(Crawled caption data)

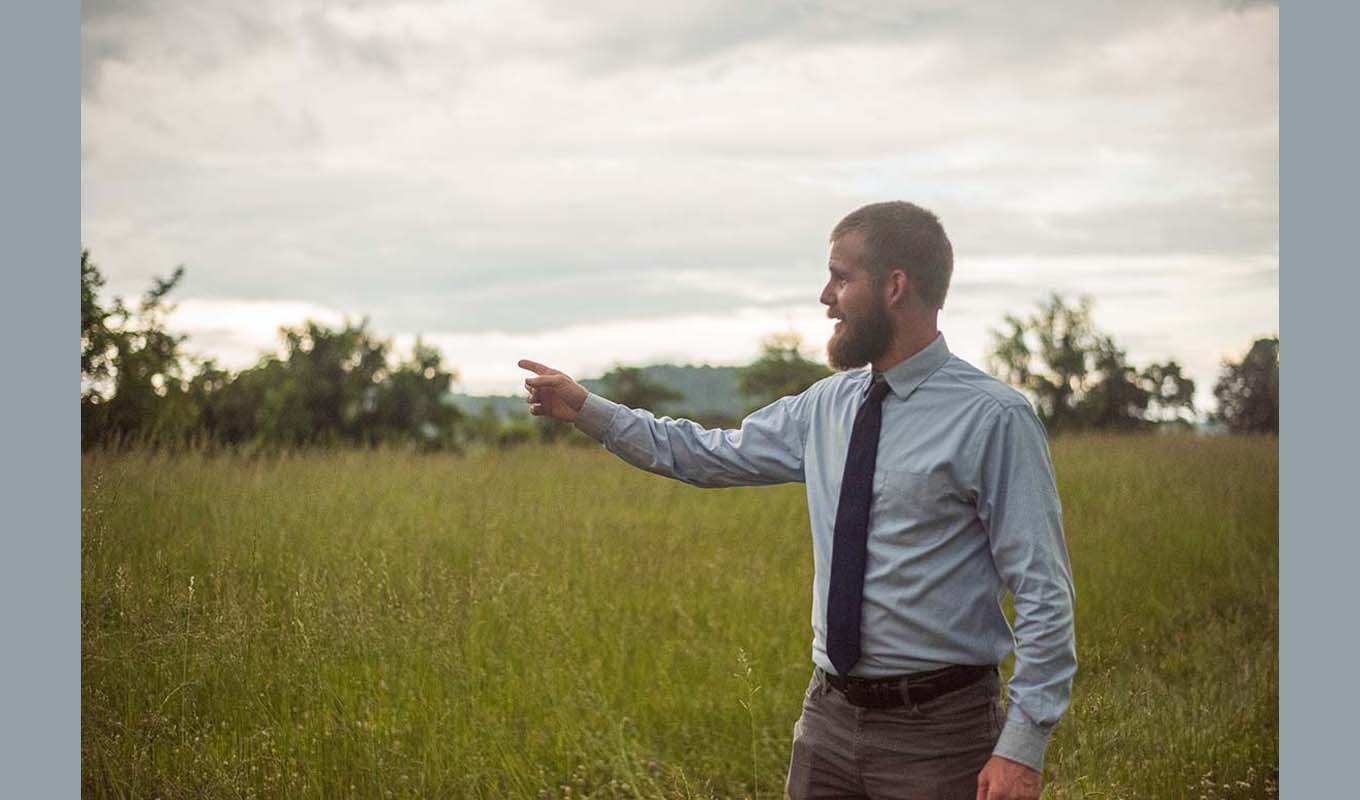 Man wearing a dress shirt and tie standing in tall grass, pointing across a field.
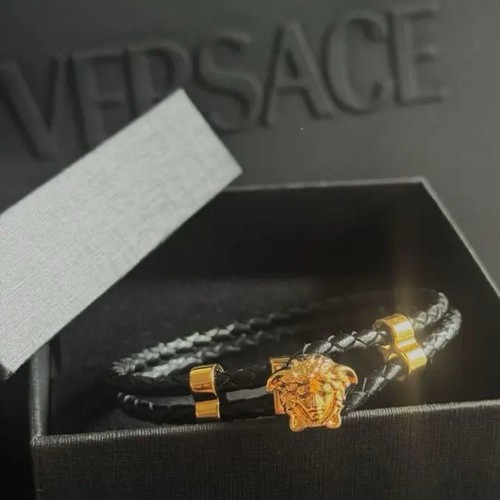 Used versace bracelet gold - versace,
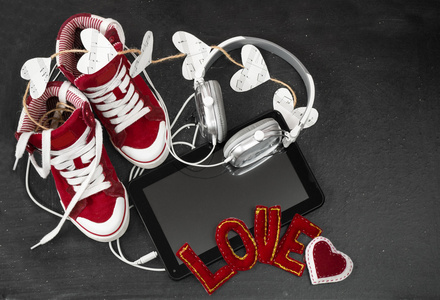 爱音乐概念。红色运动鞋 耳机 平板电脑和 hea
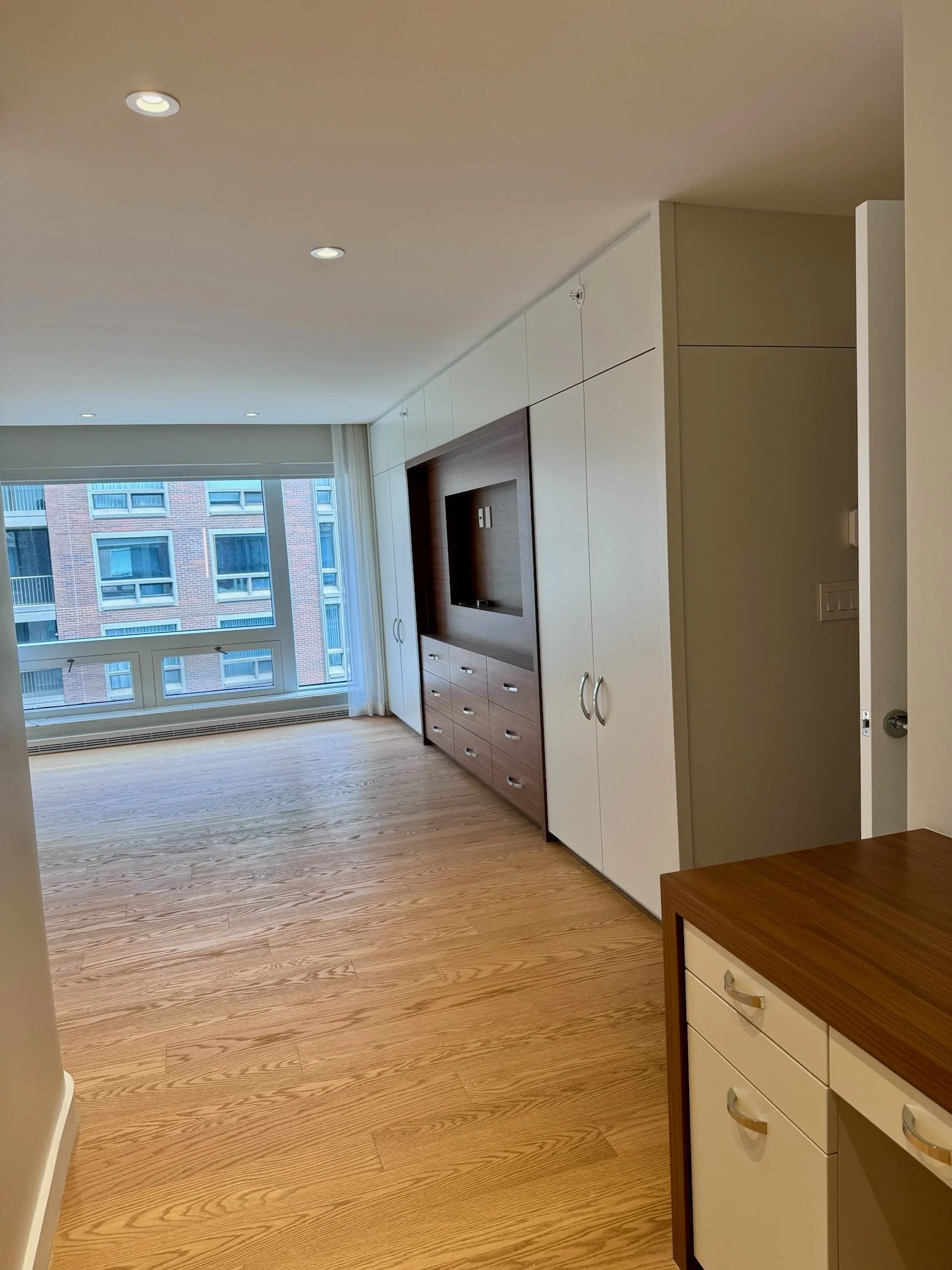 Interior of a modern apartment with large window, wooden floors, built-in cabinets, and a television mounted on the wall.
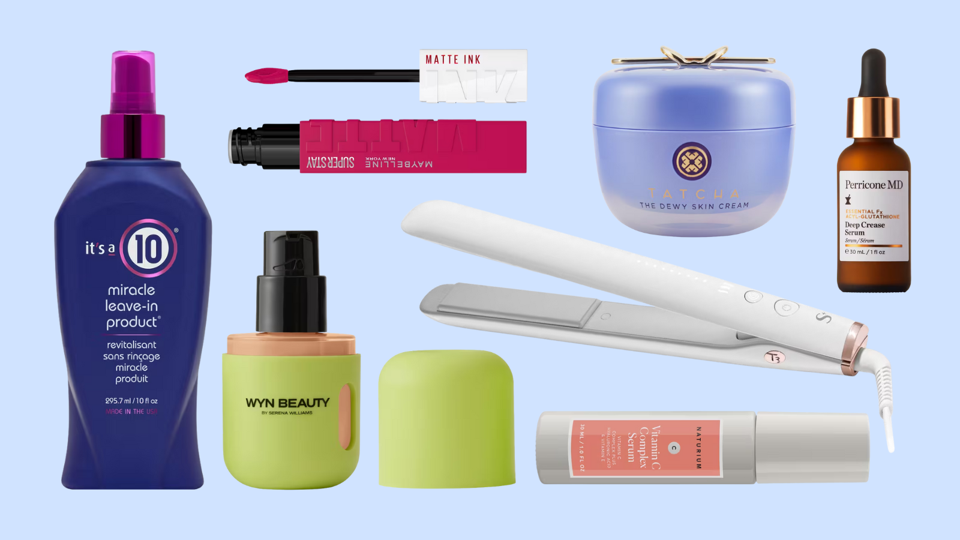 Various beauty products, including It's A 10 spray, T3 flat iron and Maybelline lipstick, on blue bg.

---

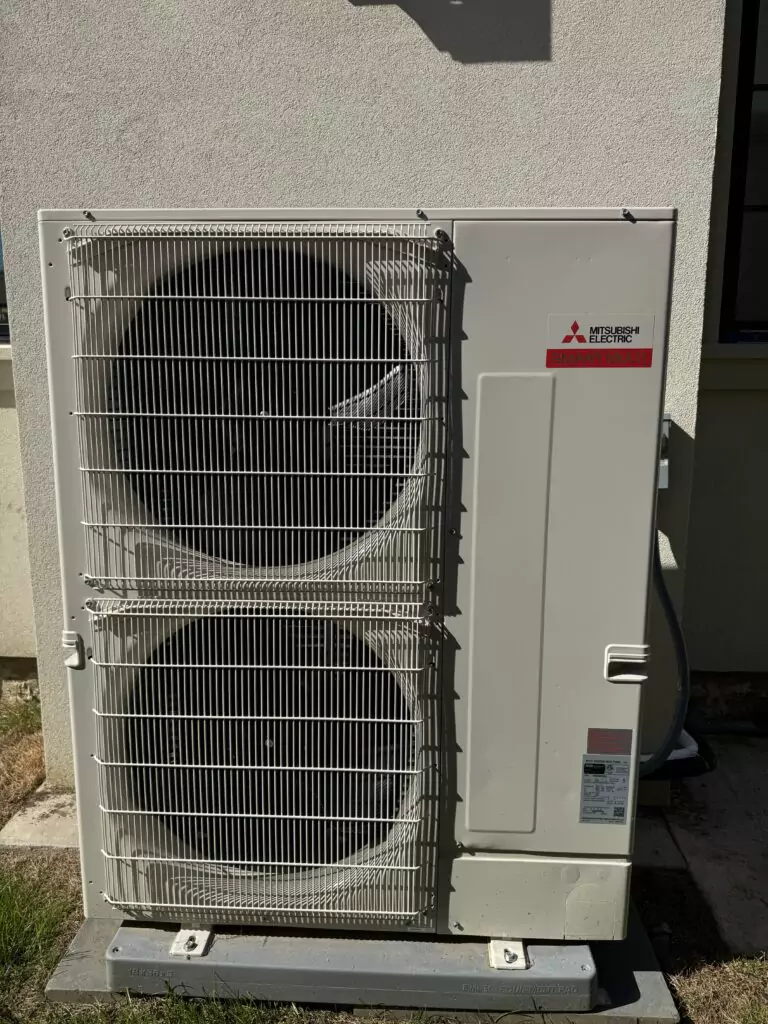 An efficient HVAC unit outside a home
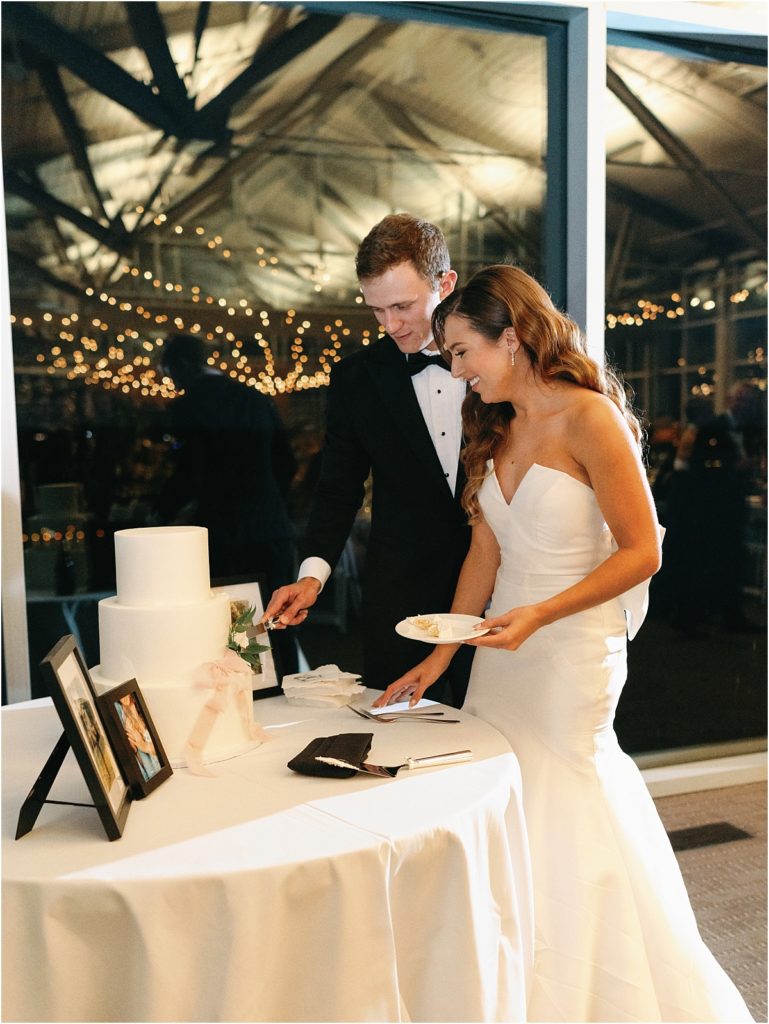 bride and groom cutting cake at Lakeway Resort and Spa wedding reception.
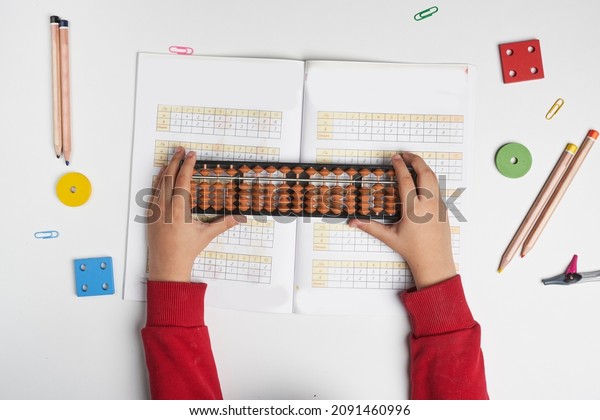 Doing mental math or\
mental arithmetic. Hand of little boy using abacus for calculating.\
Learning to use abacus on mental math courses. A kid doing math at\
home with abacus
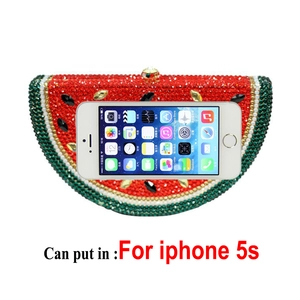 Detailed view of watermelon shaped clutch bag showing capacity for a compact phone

**WHAT IS NEEDED**
In the entries above, find the line containing "Doing mental math or\" and the line containing "Detailed view of"; give again exactly those two lines and every line between them, minus the pictures.

**OUTPUT**
 Doing mental math or\
mental arithmetic. Hand of little boy using abacus for calculating.\
Learning to use abacus on mental math courses. A kid doing math at\
home with abacus
 Detailed view of watermelon shaped clutch bag showing capacity for a compact phone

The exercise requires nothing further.